• THE DATA:
+ + +
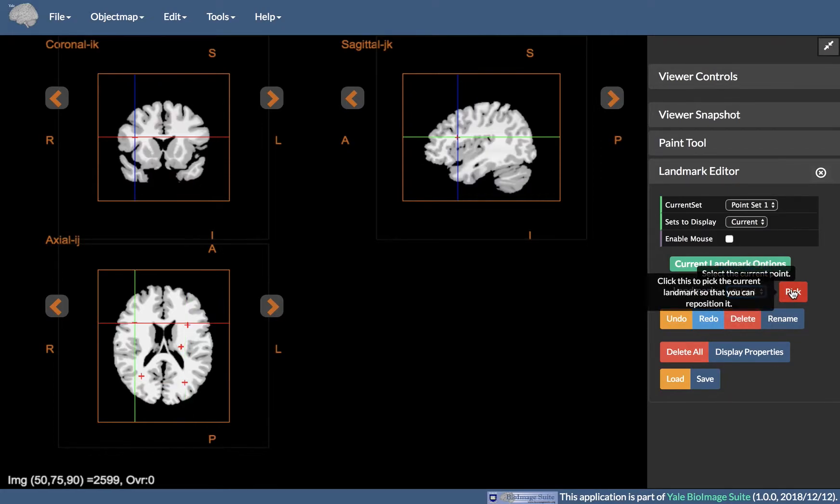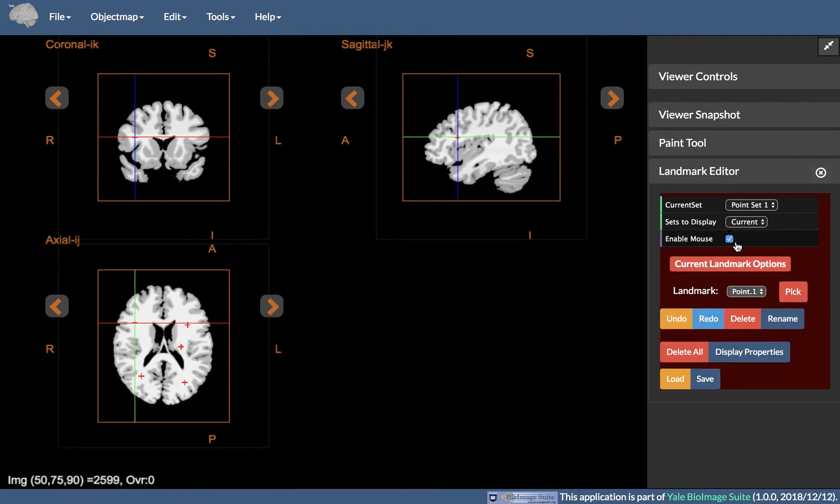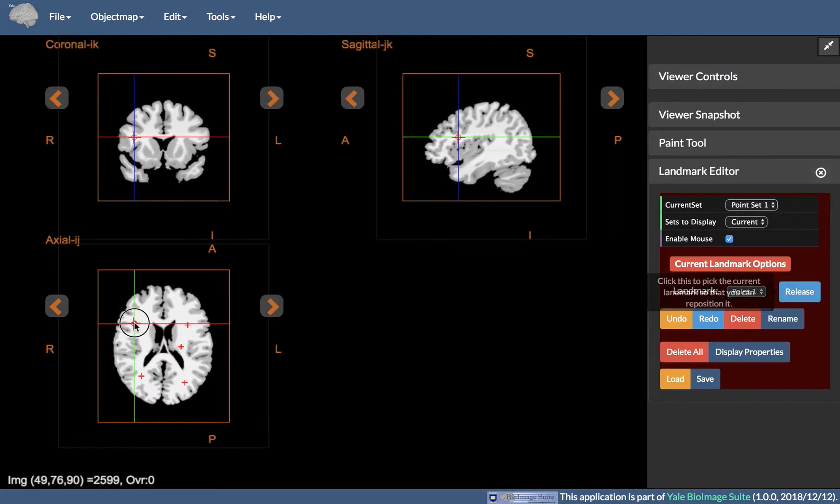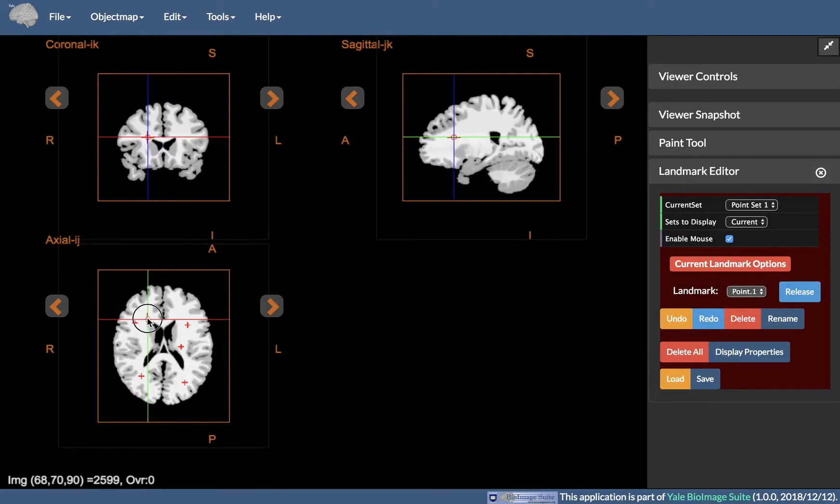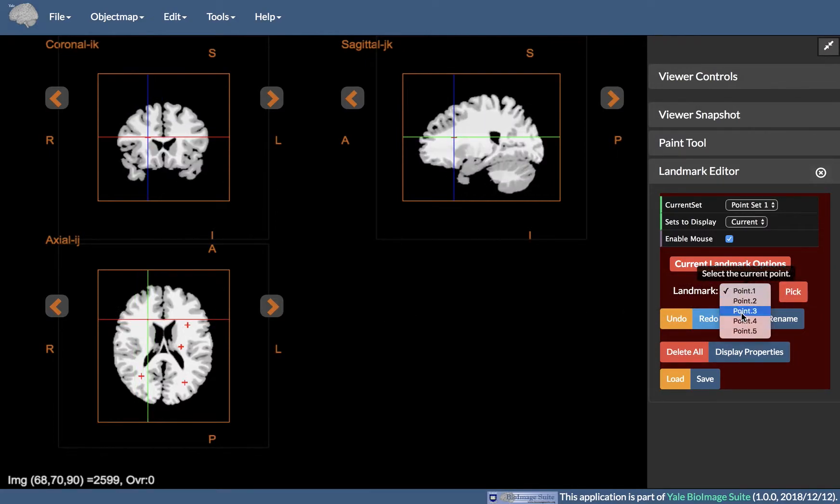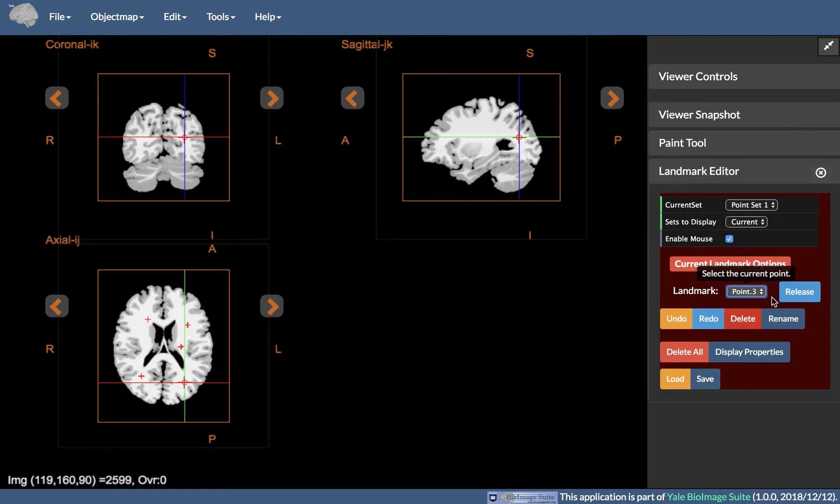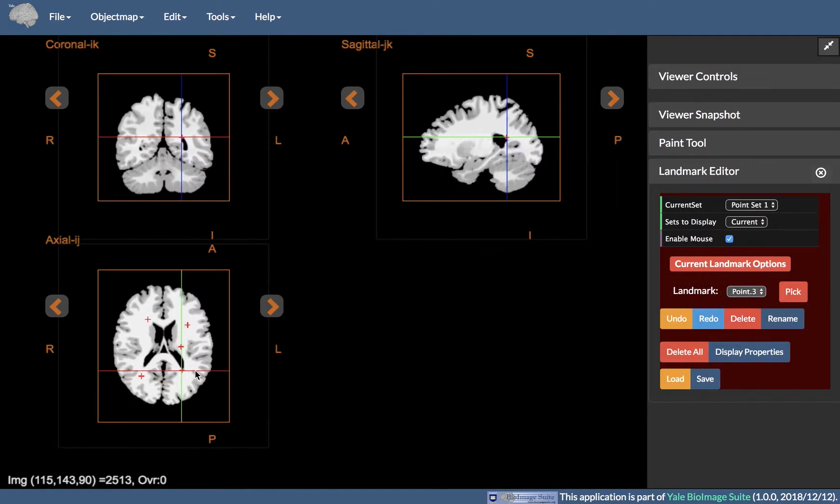You can use Pick and Release, where the Pick button allows for editing landmark locations. If the Enable Mouse toggle is checked, pressing the Pick button will allow the landmark to be moved. A circle will appear around the landmark to indicate that it can be moved.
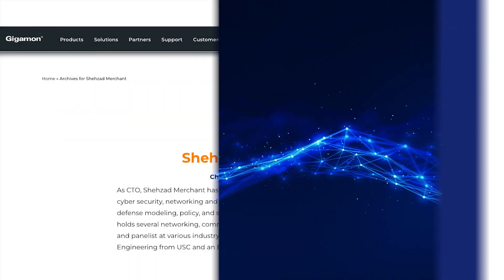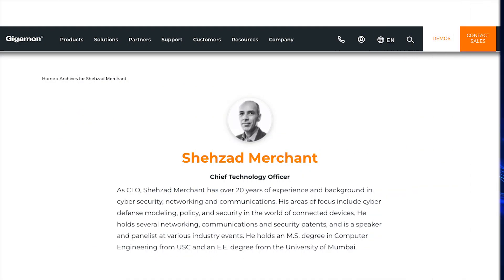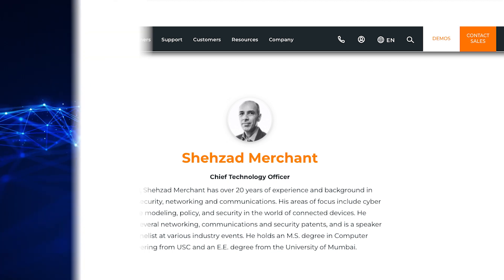Welcome to ZCast, everybody. I'm Zias Caravallo from ZK Research, and I'm your host and I'm back for another thought leadership ZCast. I'm joined by Shazad Merchant, the CTO of Gigamon, and we just talked to Shazad but we're going to go a little deeper on a couple of topics. Shazad, why don't you say hi and tell us how you're doing.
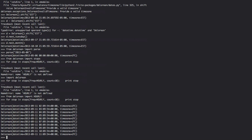That concludes our datetime talk. I will provide links to Delorean and the examples here in the show notes. Until next week.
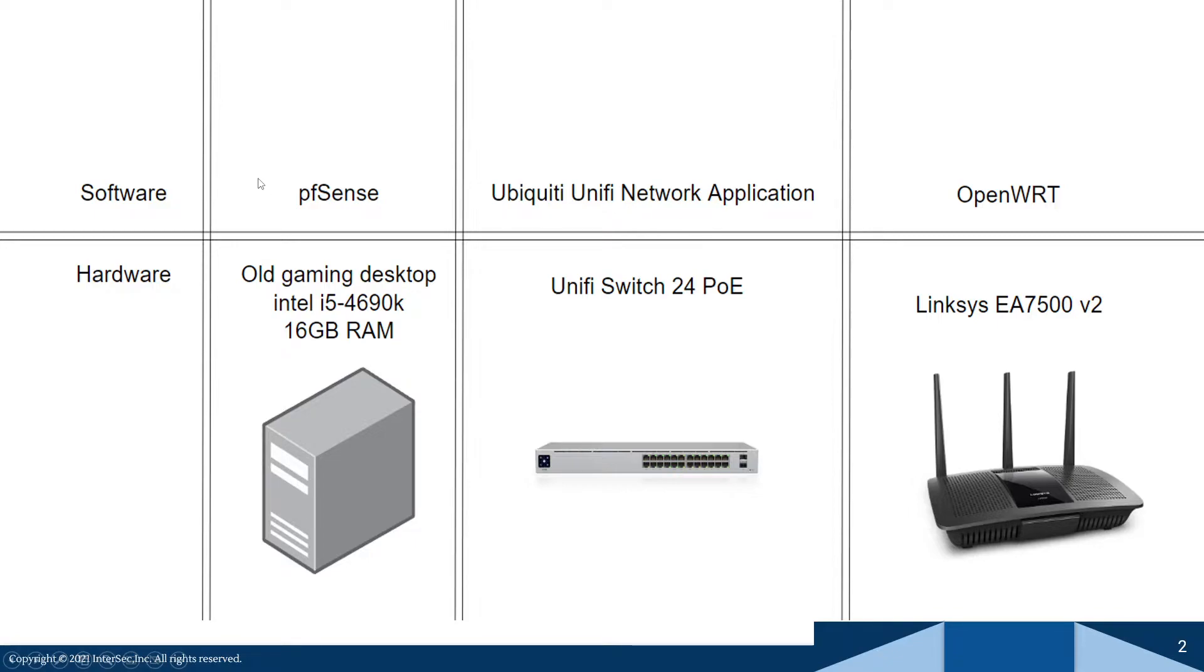And then I downloaded pfSense onto my old gaming desktop and now it works great.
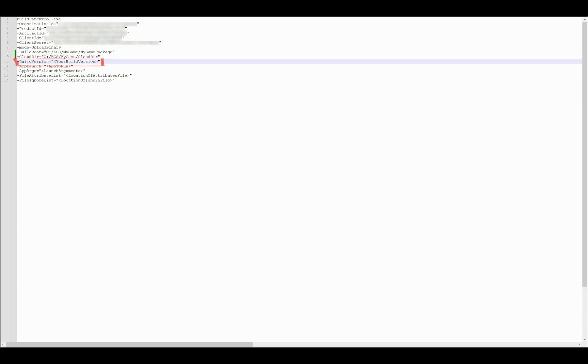Next is the build version. The version must be unique for each build of a specific artifact, independently of the platform. So you can't use the same version for a Windows build and a Mac build. Since it will be my first version for this game, I'm going to put 1.0. The V for version will be added automatically.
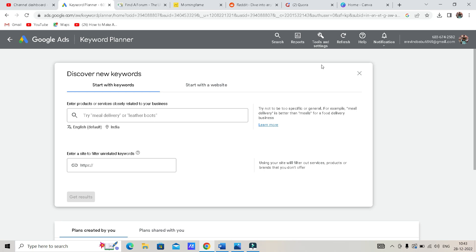So let's talk about two different algorithms. Google and YouTube are the same. It is the same — this is the text format, this is the video format.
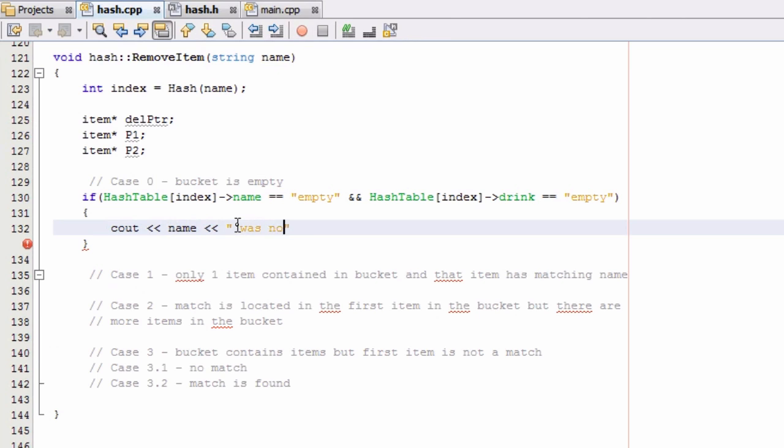...was not found in the hash table. And so then we'll go ahead and just put a new line there for formatting. And so that's really all we need to do for case zero.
+ + +
• GOAL OF THE EXERCISE: Copy the data above word for word. Pictures stay out.

• SOLUTION TO THIS TASK:
You can use Pick and Release, where the Pick button allows for editing landmark locations. If the Enable Mouse toggle is checked, pressing the Pick button will allow the landmark to be moved. A circle will appear around the landmark to indicate that it can be moved.
Welcome to ZCast, everybody. I'm Zias Caravallo from ZK Research, and I'm your host and I'm back for another thought leadership ZCast. I'm joined by Shazad Merchant, the CTO of Gigamon, and we just talked to Shazad but we're going to go a little deeper on a couple of topics. Shazad, why don't you say hi and tell us how you're doing.
That concludes our datetime talk. I will provide links to Delorean and the examples here in the show notes. Until next week.
And then I downloaded pfSense onto my old gaming desktop and now it works great.
Next is the build version. The version must be unique for each build of a specific artifact, independently of the platform. So you can't use the same version for a Windows build and a Mac build. Since it will be my first version for this game, I'm going to put 1.0. The V for version will be added automatically.
So let's talk about two different algorithms. Google and YouTube are the same. It is the same — this is the text format, this is the video format.
...was not found in the hash table. And so then we'll go ahead and just put a new line there for formatting. And so that's really all we need to do for case zero.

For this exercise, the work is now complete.